I’m taking the vSphere Design Workshop class this week, and during class one of my classmates mentioned a scenario he encountered that I hadn’t heard of. The situation involves using VM Monitoring as part of VMware HA and performing guest maintenance.
VM Monitoring is a feature of HA that will automatically restart virtual machines when the VMware Tools heartbeat is lost for a certain period of time. Normally the heartbeat isn’t lost unless something bad has happened to the guest, like a blue screen or other crash. In that case HA will restart the VM in an attempt to get it back online.
The scenario that was brought up in class involved this feature combined with guest maintenance. Suppose you need to reboot your VM and keep it running but not booted into the OS for an extended period of time. Things like booting from an ISO to use imaging software, booting from a GParted ISO to resize a partition, or even going into a VM’s BIOS are valid examples of when you might do this.
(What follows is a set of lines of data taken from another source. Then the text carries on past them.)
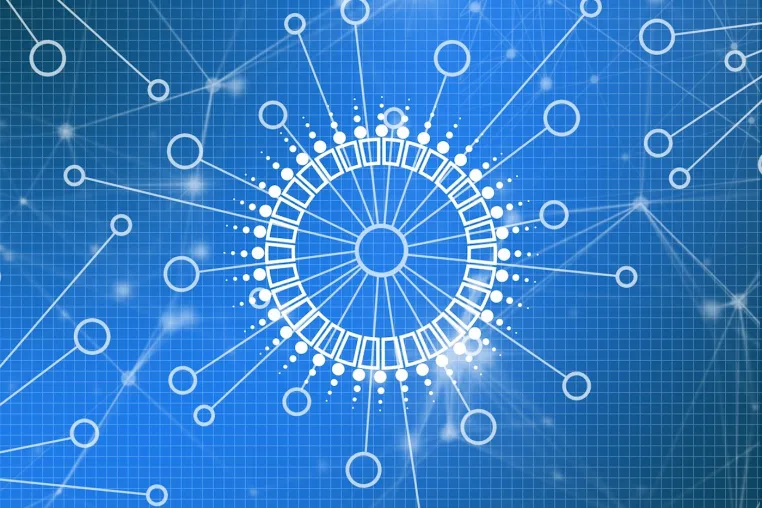 Bild: Was ist Cardano-Staking und wo kann ich ADA-Token kaufen?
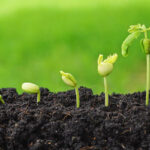 Organic Farming Organic Farming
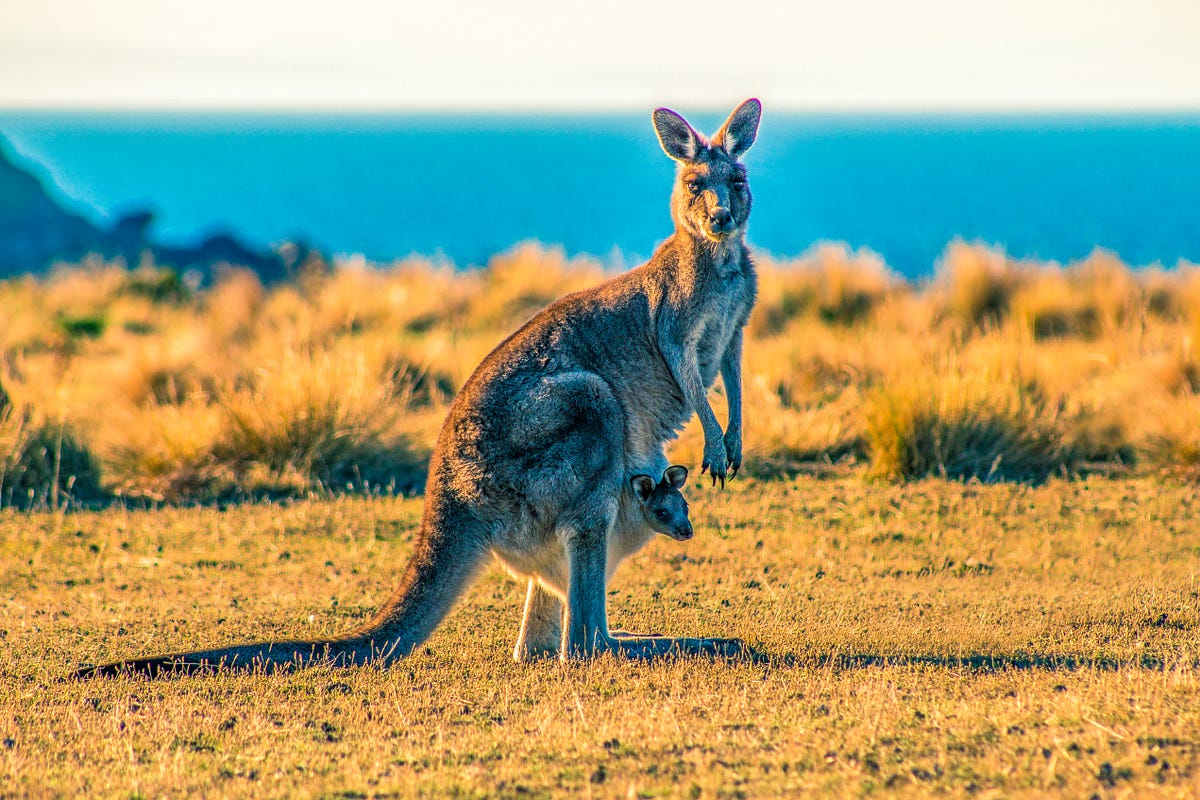 The Horrible Truth Behind Nike's Kangaroo Leather Shoes Revealed in a  Short, Eye-Opening Film | by Abena Talks | Black Vegan Strong | Medium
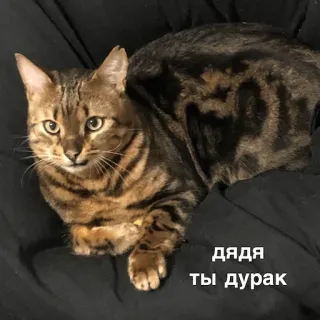 😕 ДЯДЯ ТЫ ДУРАК แมว, สัตว์, สัตว์เลี้ยง, ข้อความ, รัสเซีย, คำดูถูก telegram sticker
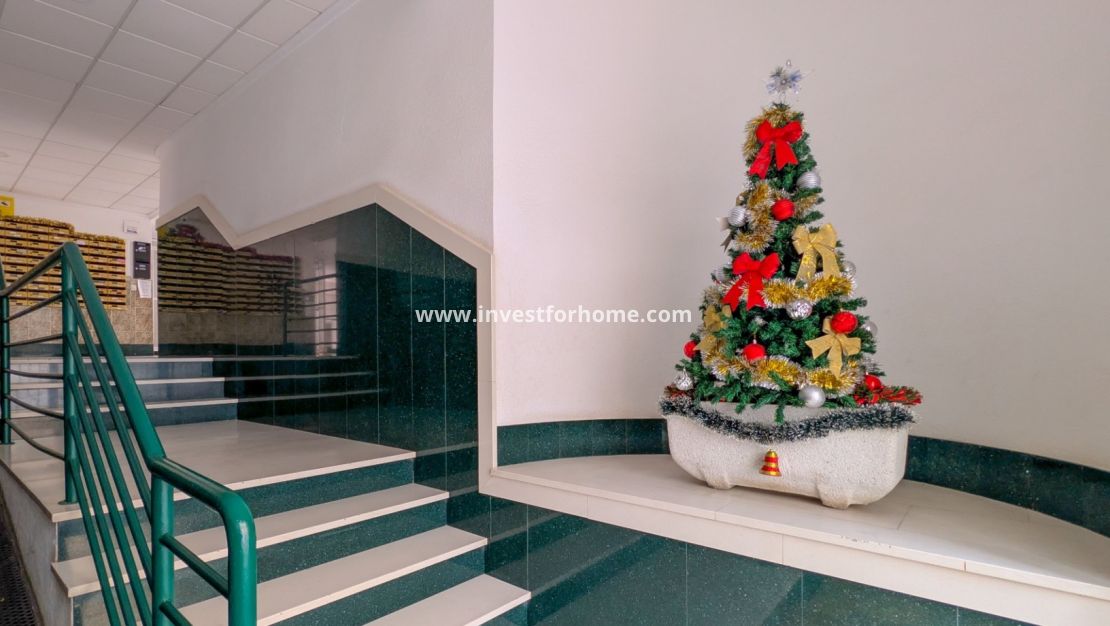 Verkoop - Appartement - Torrevieja - Costa Blanca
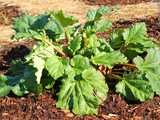 Csa Share Ninja Rescue: rhubarb and broccoli rabe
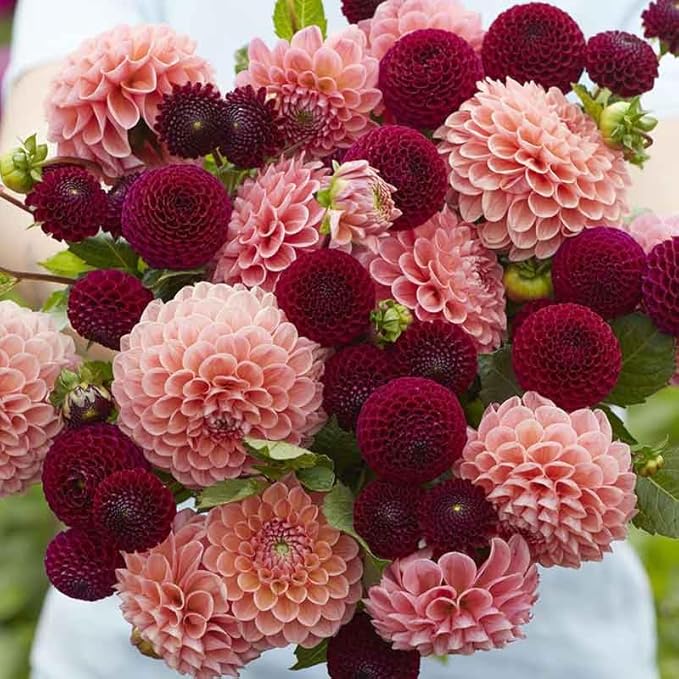 Eden Brothers Dahlia Bulbs - Opposites Attract Duo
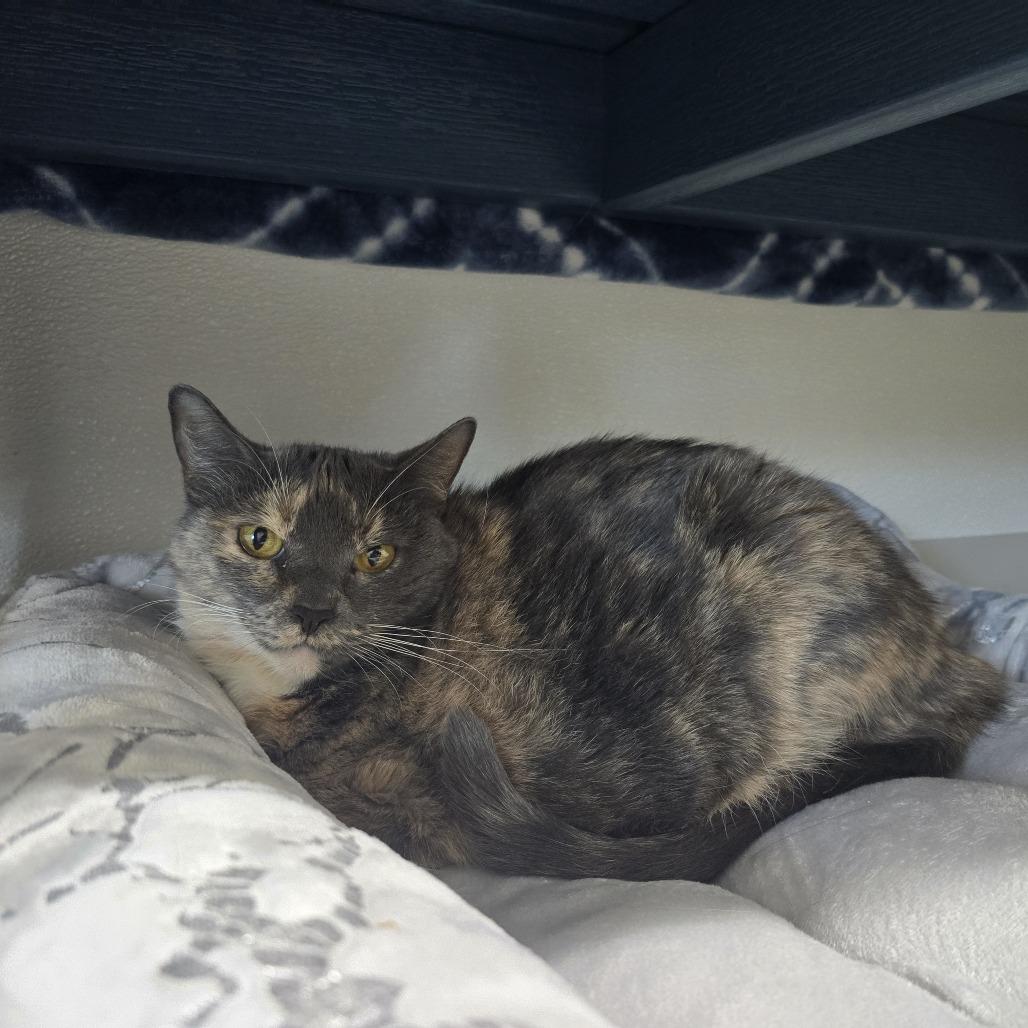 Enlarge Jenna, a Adoptable Domestic Short Hair in Clearwater, FL image 4/5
As you might expect, when the VM is booted from the ISO there are no VMware Tools heartbeats and so HA detects this as a failure and restarts the VM. I confirmed this behavior in my lab with a test VM by booting with a Windows 2008 R2 ISO and letting it sit at the install screen. Sure enough after 30 seconds or so the VM rebooted and I saw the following event for this VM (the screenshot is a nice touch):
This virtual machine reset by HA. Reason: VMware Tools heartbeat failure. A screenshot is saved at /vmfs/volumes/493973c5-a2392745-74e6-001d0-97282e4/TestVM/TestVM-screenshot-.png
Seems like an obvious thing but it might take some people by surprise. At best it’s just an annoying distraction or at worst the reboot interrupts some kind of system repair that causes damage to the guest. There are configurable values to determine how long HA will allow a VM to stay up without receiving heartbeats as well as how many times HA will restart the VM when it has no heartbeats. So this might not always affect everyone but could still be an issue if you’re not careful.
The moral of the story – if you’re using VM Monitoring with HA, remember to temporarily disable it if you need to do guest maintenance in which the VM will be down for an extended period of time.